Nigerian novelist Ayòbámi Adébáyò’s second novel A Spell of Good Things is on the longlist of this year’s edition of Booker Prize. A truly international prize with cash award of £50,000, the Booker Prize annually rewards a single work of fiction in English published in the UK by a writer of any nationality.  A Spell of Good Things was published earlier this year in the UK by Canongate, the US by A Knopf, and in Nigeria by Ouida Books.

Ayọ̀bámi Adébáyọ̀ is the only African on this year’s Booker Prize longlist. She joins Chinua Achebe, Chimamanda Adichie, Ben Okri, Oyinkan Braithwaite, and Chigozie Obioma as the sixth Nigerian-born novelist to be nominated for the Booker Prize. If she wins, she will be the third after Ben Okri and Chinua Achebe.

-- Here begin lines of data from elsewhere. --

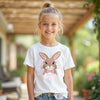 Young girl wearing a white t-shirt with a bunny design and name outdoors.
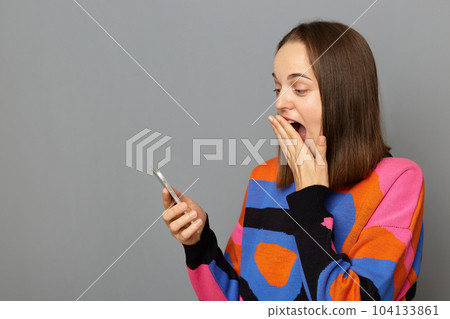 Image of excited woman with brown hair wearing jumper standing isolated over grey background, holding cell phone, reading surprised good news, copy space for advertisement. Image of excited woman with brown hair wearing jumper standing isolated over grey background, holding cell phone, reading surprised good news, copy space for advertisement. 104133861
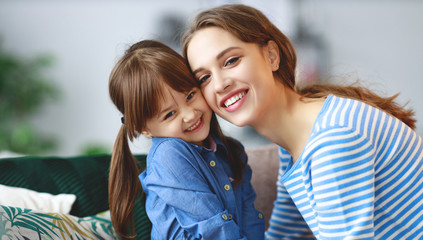 happy loving family mother and child daughter hugging at home.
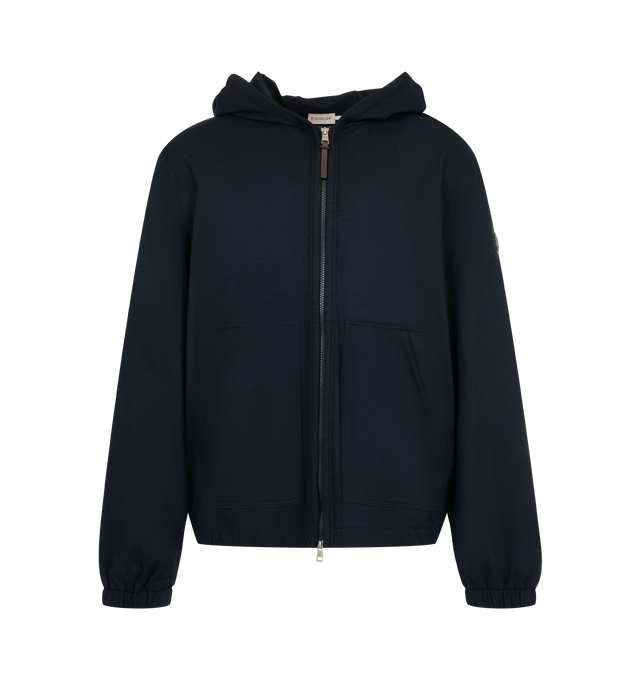 Image 1 of 1 - NAVY - Moncler Men's Zip-Up Hoodie Cardigan is crafted from a wool and polyester blend with a soft flannel-effect knit texture and features a loose-fit silhouette, an adjustable hood, and a front zip closure. Designed with front pockets, elasticated cuffs and hem, and a signature leather logo patch, this everyday layer combines comfort with refined casual styling. Main Material: 52% Polyester, 43% Wool, 5% Elastane. Hood: 52% Polyester, 43% Wool, 5% Elastane.  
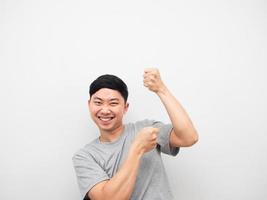 Young man grey shirt gesture pull empty rope on his head photo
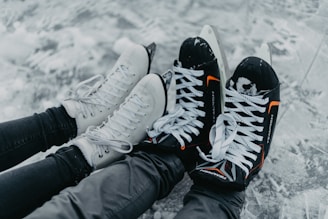 A pair of black hockey skates with orange accents and white figure skates rest side by side on an ice surface. The skates are worn by individuals dressed in black clothing, with the snow-covered ice creating a wintry backdrop.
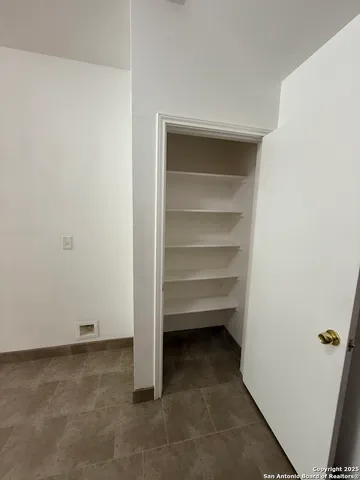 a view of room with walk in closet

A Spell of Good Things follows the lives of Eniola and Wurola—two young characters whose experiences of the world are shaped by the poverty and the affluence of their respective families, but whose lives eventually meet at the threshold of the undiscriminating violence of Nigerian life—the novel expresses Adébáyò’s concern for the redemption of modern Nigeria haunted by political corruption and materialism, with enormous inevitable consequences both for the dispossessed and the privileged. In describing the book as a “breathtaking novel, which shines light on the haves and have-nots of Nigeria, and the shared humanity that lives in between,” the Booker Prize jury evokes what Aamina Ahmad calls “the inescapable truth” of Adébáyò’s writing, in her New York Times review of the novel, which is the power of narratives to show the common precarity of the human condition in a postcolonial nation.

Adébáyò emerged in the African literary scene in 2017 with the publication of her critically acclaimed debut novel Stay with Me. But her stellar career has been long in the making. She participated in the maiden edition of the Farafina Creative Writing Workshop led by Chimamanda Ngozi Adichie, received a commendation in the 2009 Commonwealth Short Story competition, was selected as a writer in residence by Art Omi in 2012, and was shortlisted for the Kwani? Manuscript Project in 2013.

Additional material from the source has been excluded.